Just touched down in the Qantas business lounge at Sydney airport. I have a panoramic view of the city and ringside seat to see the planes take off. Is there anywhere more exciting to be than an airport?

I have a huge sense of anticipation about what lies ahead – good times, probably some bad ones, too. Hopefully a lot of fun and adventure and lots to learn about myself and the world.

The sights, sounds and smells of Bangkok await me. I land there 730pm local time, so will be thrown straight into the cultural lions den. Watch this space…

Bye bye, Australia…

So last night was my final supper with the boys. We started with drinks at the Opera Bar, right by the water by Sydney Opera House. Possibly one of my favourite places in the whole world to be. And extra special to be there with my best boys – Dr Dan and Scott. And the lovely Matthew and Will completed my male quartet.

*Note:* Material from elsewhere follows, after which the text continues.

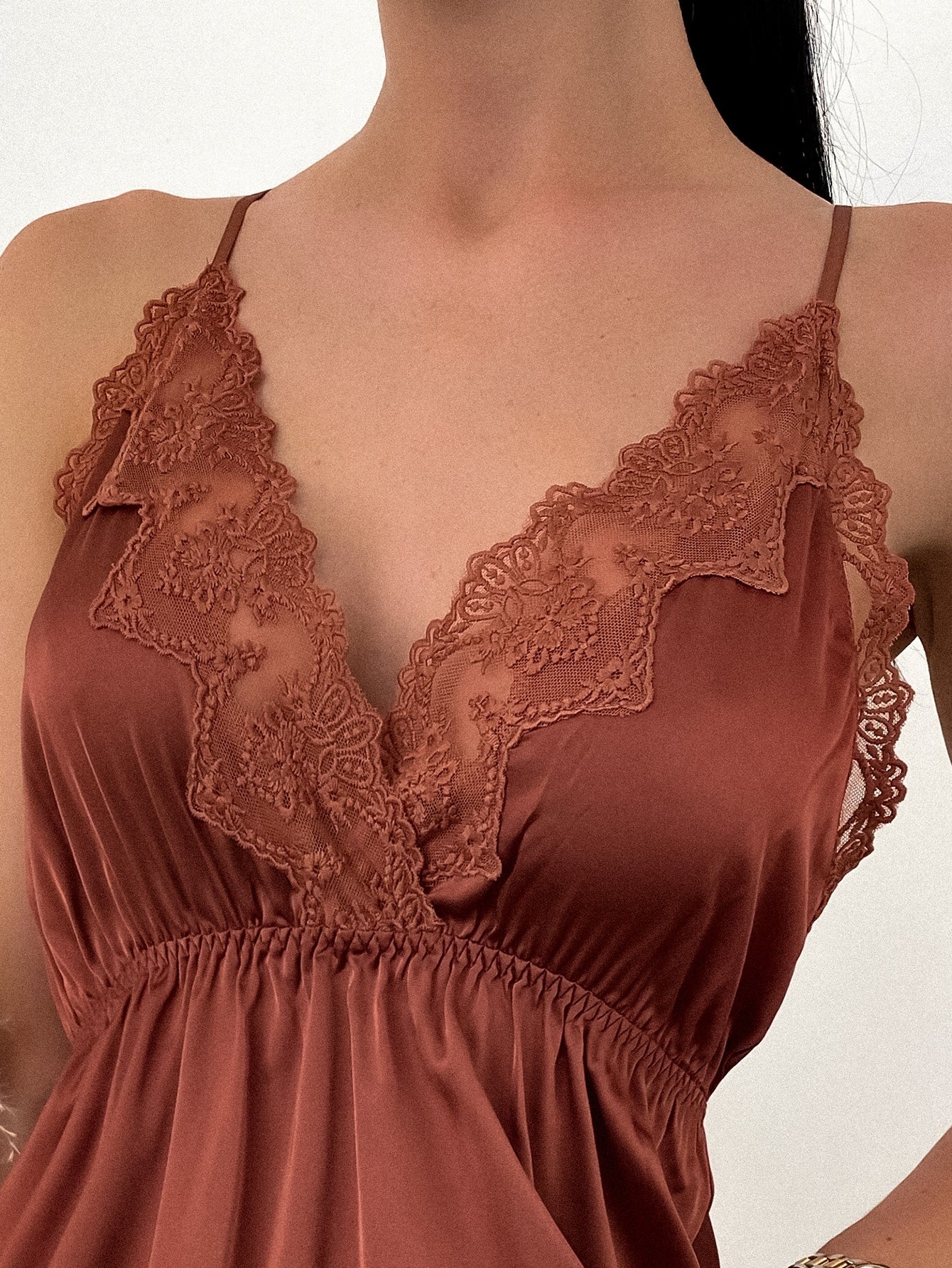 Contrast Lace Satin Slip Pajama Nightdress Luxeloungewear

It was then on to a cheap eats nearby, where Julia made a cameo appearance. There was eating, drinking and even some dancing. Scott and I murdered the dancefloor (according to reviews)…

I have many happy memories to take with me as I head to Asia: open mic nights in Cairns, managing to stay alive on my first instructor-free scuba dive, painting the town red after qualifying with all my new scuba friends, playing guitar on the roof-top on Bribie Island, xmas with the lovely Roberts family, sing-a-long Grease, new year/birthday invasion by Lou Lou, tears at midnight watching the new year fireworks on Dan’s balcony, and far too many giggles and good times with Dan and Scott.